Saturday, March 31, 2012

March Books

A Visit from the Goon Squad by Jennifer Egan
My friend Kalyn bought this book for her brother, but he had already read it, so she gave it to me. Lucky me. :) The style of this book was interesting; it was almost like a short-story collection, rather than a continuous story. I just couldn't get into it, though, because the characters weren't very likable. The last few chapters got more interesting, as they revealed the author's perspective on what our world will look like in 20 years---quite incisive and ultimately a satisfying ending. This confirmed my suspicion that, overall, I'm just not literary enough to enjoy Pulitzer Prize-winning books. I want to like them, but they're never my favorites.

How We Decide by Jonah Lehrer
I'm really into pop psychology books. This was a fascinating look into the large role that emotions play in our decision-making process. One of the main premises of the book is that people often overthink decisions, when their "gut feelings" are actually quite reliable. I'm definitely guilty of this. This book overlapped some with Blink by Malcolm Gladwell, which is also excellent. I recommend both of them.

The Secret Holocaust Diaries by Nonna Bannister
This book is the compilation of the personal diaries of a woman who was a teenager in Russia at the time of the Holocaust. She kept a record of her experiences but didn't compile and translate it into English until she was an old woman, and didn't want it published until after her death. I don't think I've ever read about WWII from the perspective of a Russian, so that was interesting. It was, obviously, quite a sad book, but Nonna's faith and optimism were inspiring.

Spoken from the Heart by Laura Bush
I gave this book to my mom for her birthday and then promptly borrowed it. :) Although it was a bit too long, I really enjoyed learning more about Laura Bush's life. It was also interesting to find out what really goes on in the White House.

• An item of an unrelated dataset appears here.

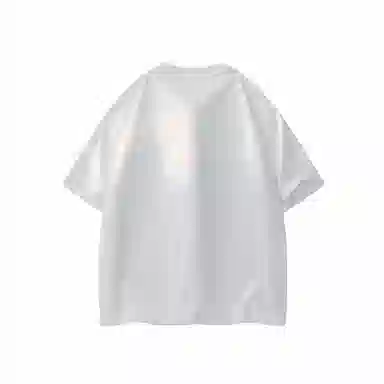 Ferrero Ross x FUERZA T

I had no idea just how insecure everyone in D.C. felt after 9/11. I remember reading a review of this book right after it came out. The reviewer basically said that she liked the book but she wished Laura hadn't used it to defend her husband's policies. My first thought was, "Of course, she's going to defend her husband." I don't blame her at all. This book was a great reminder that all of our presidents and first ladies are real people with real feelings, and we should be much slower to attack their character or personality based on what we hear or read.

Countdown: The Race for Beautiful Solutions at the International Mathematical Olympiad by Steve Olson
Darby had read this book a while ago and recommended it to me. On the surface, it's the story of the U.S. team's performance at the 2001 International Mathematical Olympiad, an extremely difficult math competition for high school students. The profiles of the students are interesting, and, even if you don't understand the problems discussed (like me), you still get the general concept. But, what was really fascinating to me was the discussion of the nature of "genius." The author, and other experts quoted in the book, lean heavily toward practice, not innate talent, as the determining factor for success in any field. A very interesting read, especially if you're a nerd like me who enjoys books and movies about academic competitions.

Pictures of You by Caroline Leavitt
This was a free or cheap offering on the Kindle. It was a compelling story about a woman who accidentally kills a young mother in a car accident and then becomes entangled with the woman's widowed husband and son. But, at times the plot was a bit far-fetched. A decent beach read but not very substantial.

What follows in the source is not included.